Garbage Collection Algorithms – How to Prevent Full Memory Scans

algorithmsgarbage-collection

Some (at least Mono's and .NET's) garbage collectors have a short term memory area which they scan often, and a secondary memory area which they scan less often. Mono calls this a nursery.

To find out which objects can be disposed of, they scan all objects starting from roots, the stack and the registers and dispose all objects that aren't being referenced anymore.

My question is how they prevent all in use memory from being scanned on every collect? In principle, the only way to find out what objects aren't in use anymore is to scan all objects and all their references.

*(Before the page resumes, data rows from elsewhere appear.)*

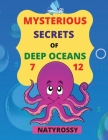 Mysterious Secrets of Deep Oceans: A wide variety of marine animals to color and lots of important information to learn! By Naty Rossy Cover Image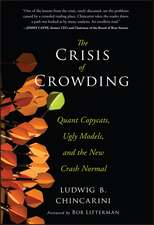 The Crisis of Crowding – Quant Copycats, Ugly Models, and the New Crash Normal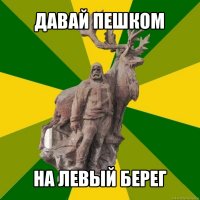 давай пешком на левый берег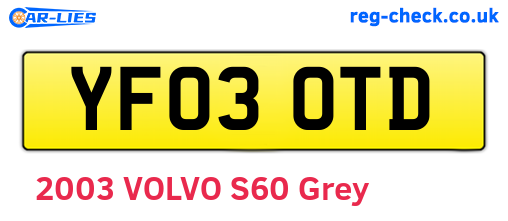 YF03OTD are the vehicle registration plates.
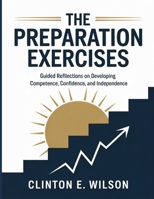 The Preparation Exercises: Guided Reflections on Developing Competence, Confidence, and Independence B0FTTSN6RG Book Cover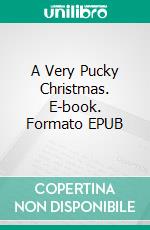 A Very Pucky Christmas. E-book. Formato EPUB ebook di Noemie H.R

However, this would prevent the OS from swapping out memory even though it isn't in use by the application and feels like a huge amount of work that needs to be done, also for "Nursery Collection". It doesn't feel like they're winning much by using a nursery.

Am I missing something or is the garbage collector actually scanning every object and every reference every time it does a collection?

Best Answer

The fundamental observations which allow generational garbage-collection to avoid having to scan all older-generation objects are:

  1. After a collection, all objects that still exist will be of some minimum generation (e.g. in .net, after a Gen0 collection, all objects are Gen1 or Gen2; after a Gen1 or Gen2 collection, all objects are Gen2).
  2. An object, or portion thereof, which has not been written since a collection that promoted everything to generation N or higher cannot contain any references to objects of lower generations.
  3. If an object has reached a certain generation, it need not be identified as reachable to ensure its retention when collecting lower generations.

In many GC frameworks, it's possible for the garbage collector to flag objects or portions thereof in such a way that the first attempt to write to them will trigger special code to record the fact that they have been modified. An object or portion thereof which has been modified, regardless of its generation, must be scanned in the next collection, since it may contain references to newer objects. On the other hand, it's very common for there to be a lot of older objects that do not get modified between collections. The fact that lower-generation scans can ignore such objects can allow such scans to complete much more quickly than they otherwise would.

Note, btw, that even if one cannot detect when objects are modified and would have to scan everything on each GC pass, generational garbage collection could still improve the "sweep" stage performance of a compacting collector. In some embedded environments (especially those where there is little or no difference in speed between sequential and random memory accesses), moving blocks of memory around is relatively expensive compared to tagging references. Consequently, even if the "mark" phase can't be sped up using a generational collector, speeding up the "sweep" phase may be worthwhile.